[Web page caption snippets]
:::::
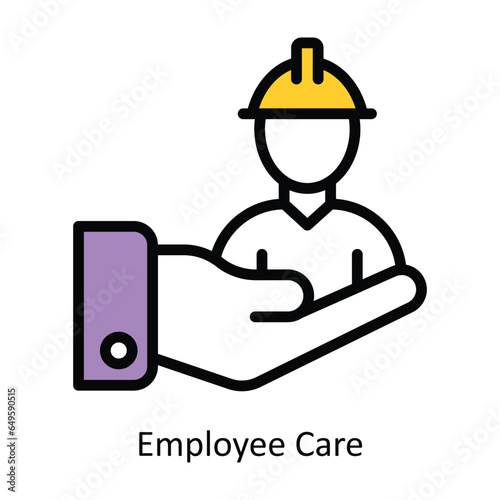 Employee Care vector Filled outline Icon Design illustration. Human Resources Symbol on White background EPS 10 File 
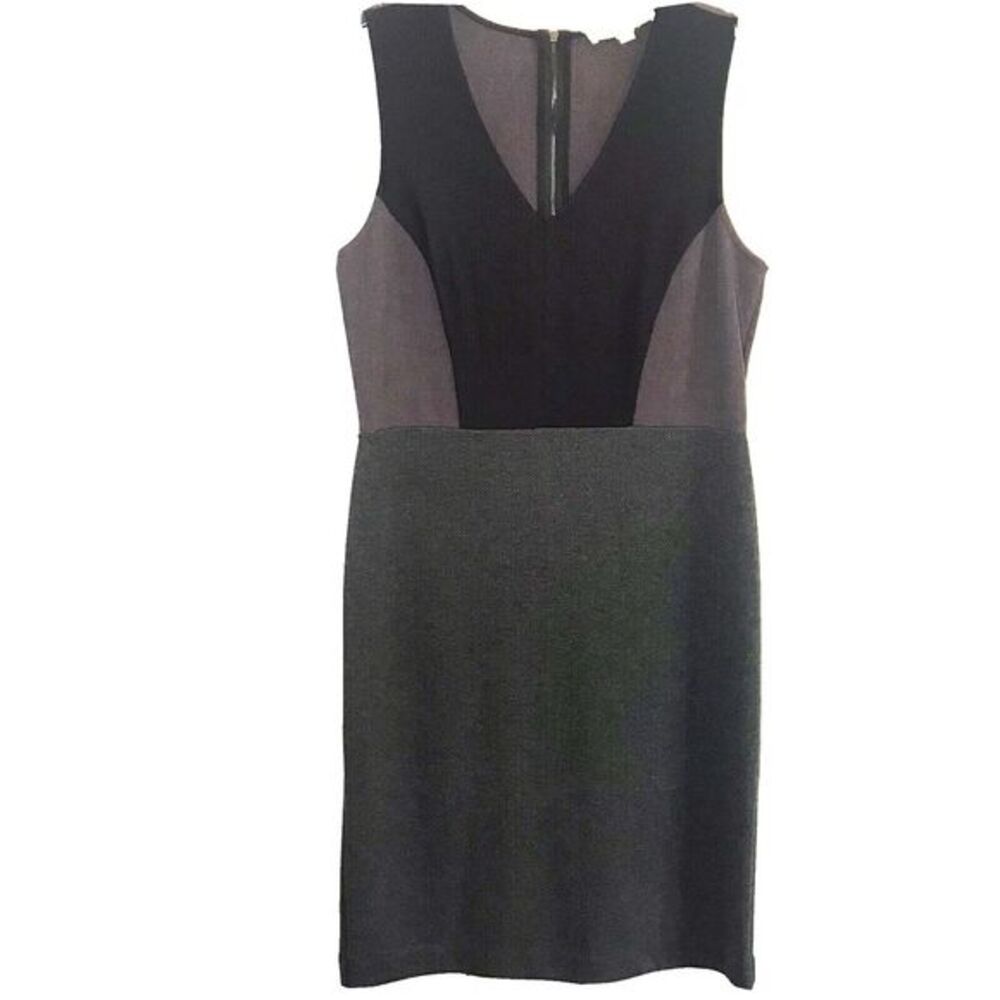 Ann Taylor Loft Woman's Black Purple and Gray Color Block  Dress Size‎ 10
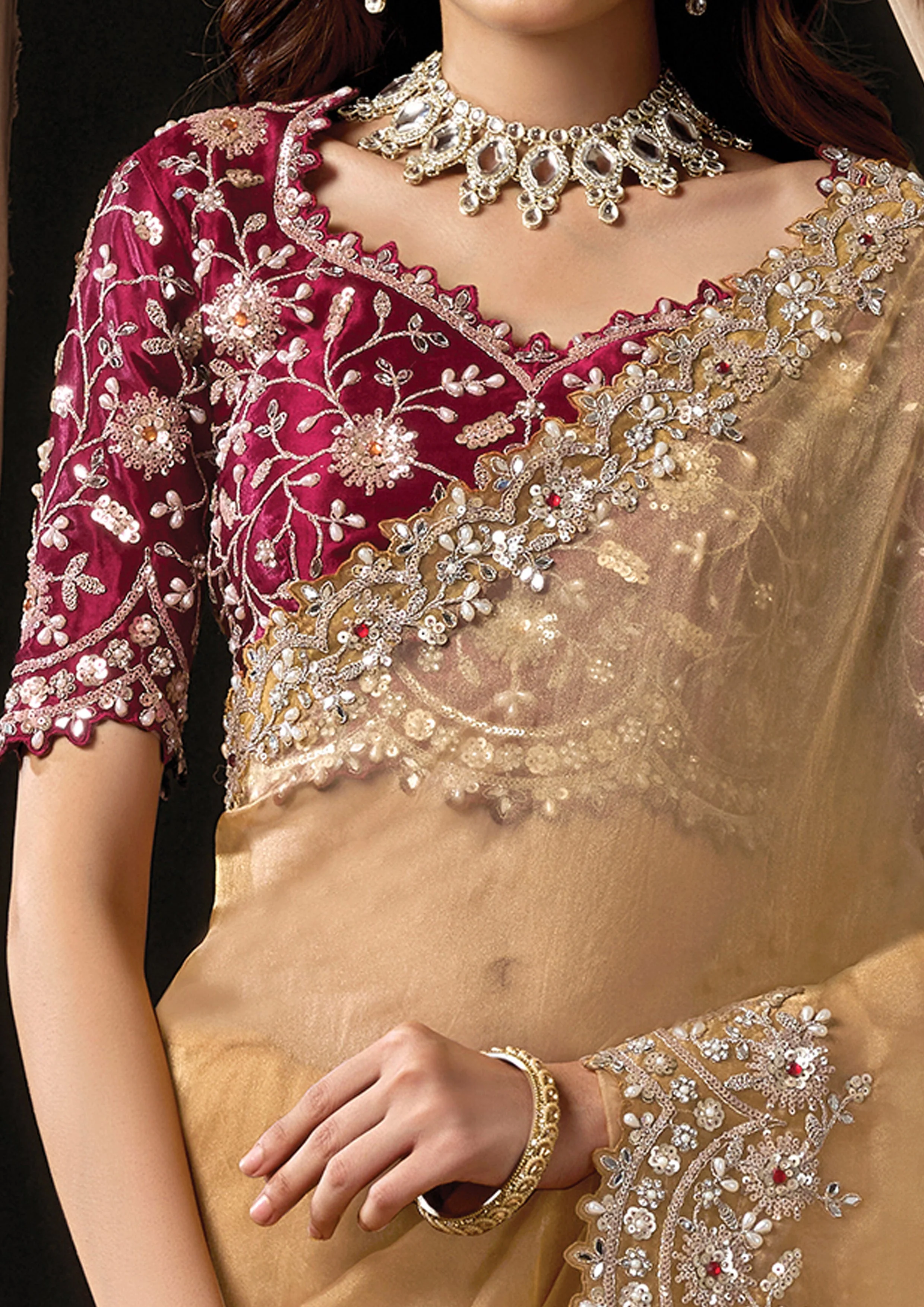 Warm Gold Embellished Organza Tissue Saree - Image 3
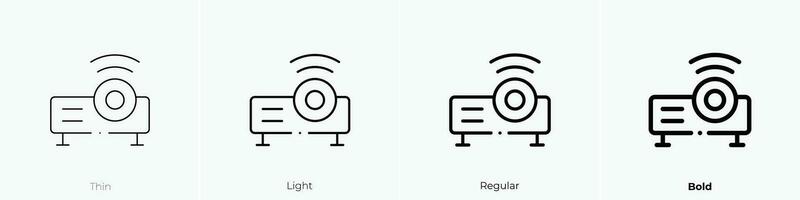 projectors icon. Thin, Light, Regular And Bold style design isolated on white background vector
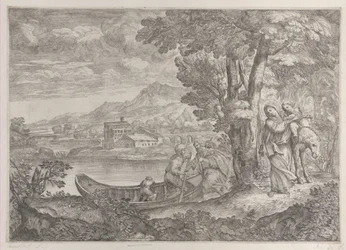 Landskap med flykten till Egypten, 1626-80.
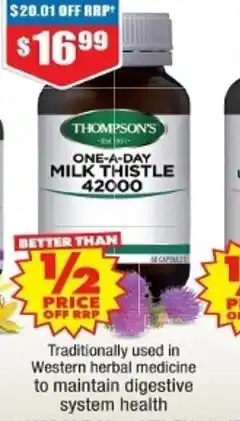 Chemist Warehouse Thompson's One-A-Day St John's Wort Milk Thistle 42000 offer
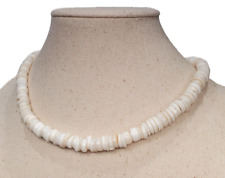Vintage Real Hawaii White and Cream Puka Shells 16 Inch Necklace Barrel Clasp picture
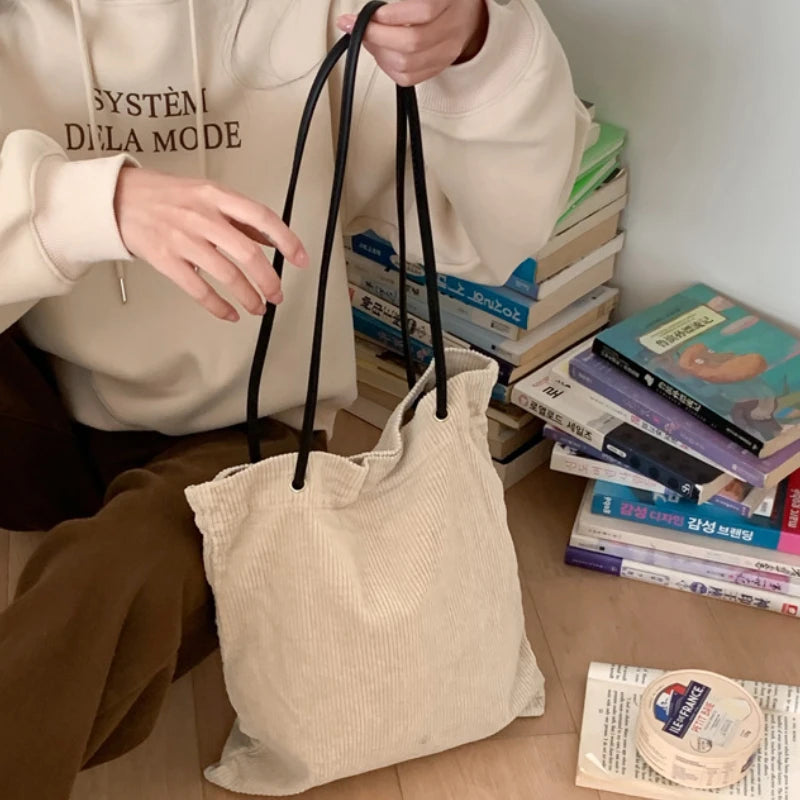 Casual Large Capacity Women's Shoulder Bag Simple Corduroy Commuter Ladies Shopping Bags Solid Color Portable Female Book Tote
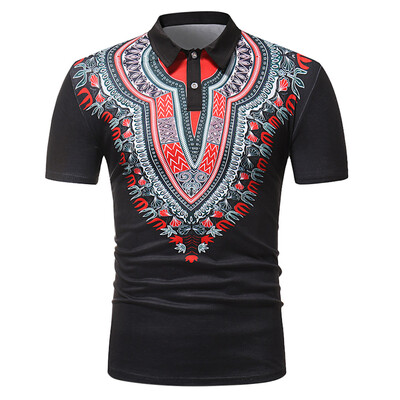 

ZT - PL05 Men African Print Pullover Short Sleeve Summer Casual Shirt with Turn-down Collar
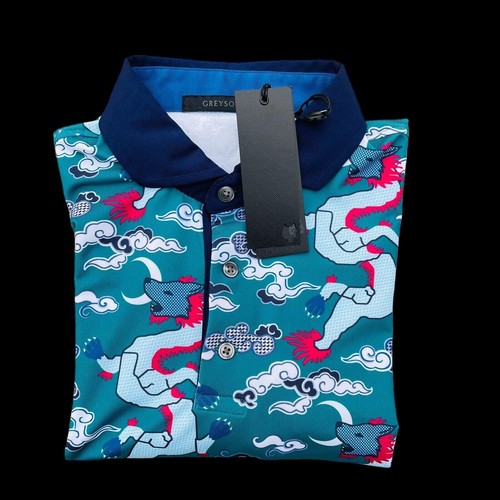 Greyson Golf Wolf kurzärmliges Poloshirt mit Drachenmuster Größe Large 115 $ - Bild 11 von 11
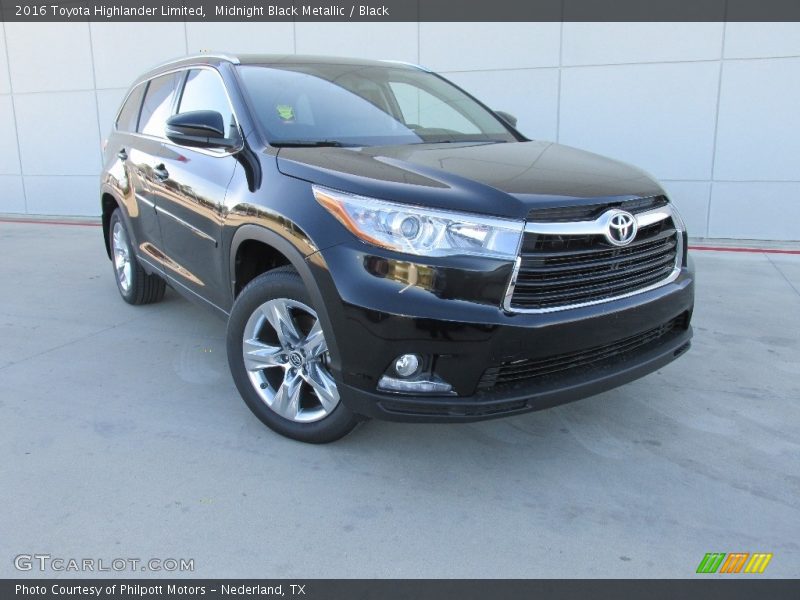 Midnight Black Metallic / Black 2016 Toyota Highlander Limited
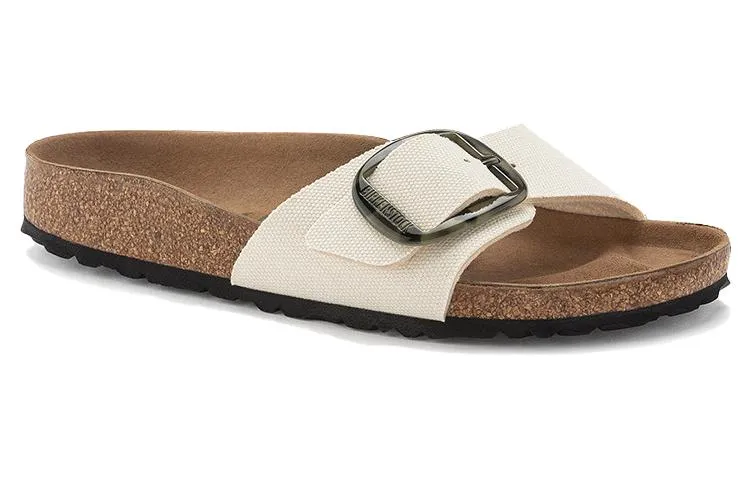 (WMNS) Birkenstock Madrid Vegan Big Buckle Textile Narrow Fit Sandals 'Eggshell' 1024068 sold by KicksCrew product image thumbnail 2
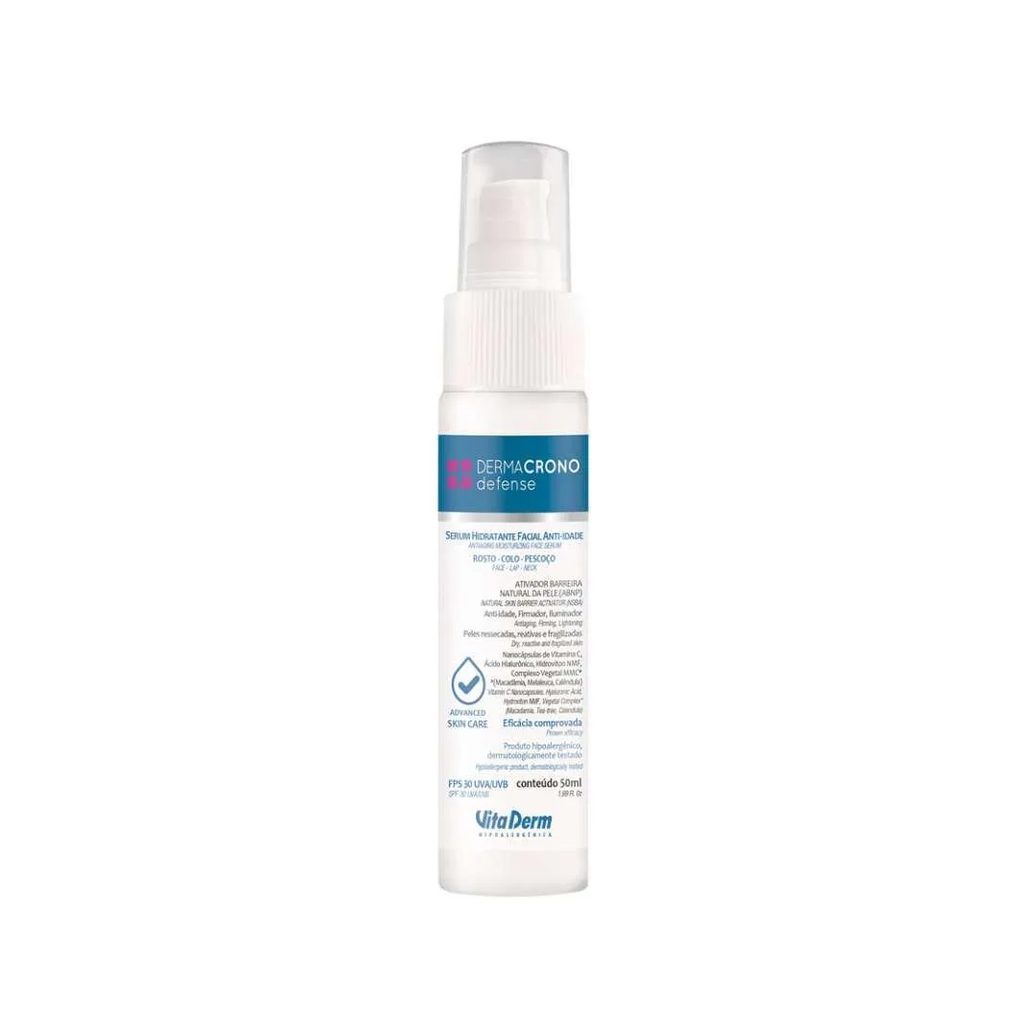 Vita Derm Hipoalergênica Dermacrono Serum Hidratante com Ácido Hialurônico 50 Ml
:::::
Only the lines from the line with "(WMNS) Birkenstock Madrid" to the end of the records should be repeated, exactly and without pictures.

 (WMNS) Birkenstock Madrid Vegan Big Buckle Textile Narrow Fit Sandals 'Eggshell' 1024068 sold by KicksCrew product image thumbnail 2
 Vita Derm Hipoalergênica Dermacrono Serum Hidratante com Ácido Hialurônico 50 Ml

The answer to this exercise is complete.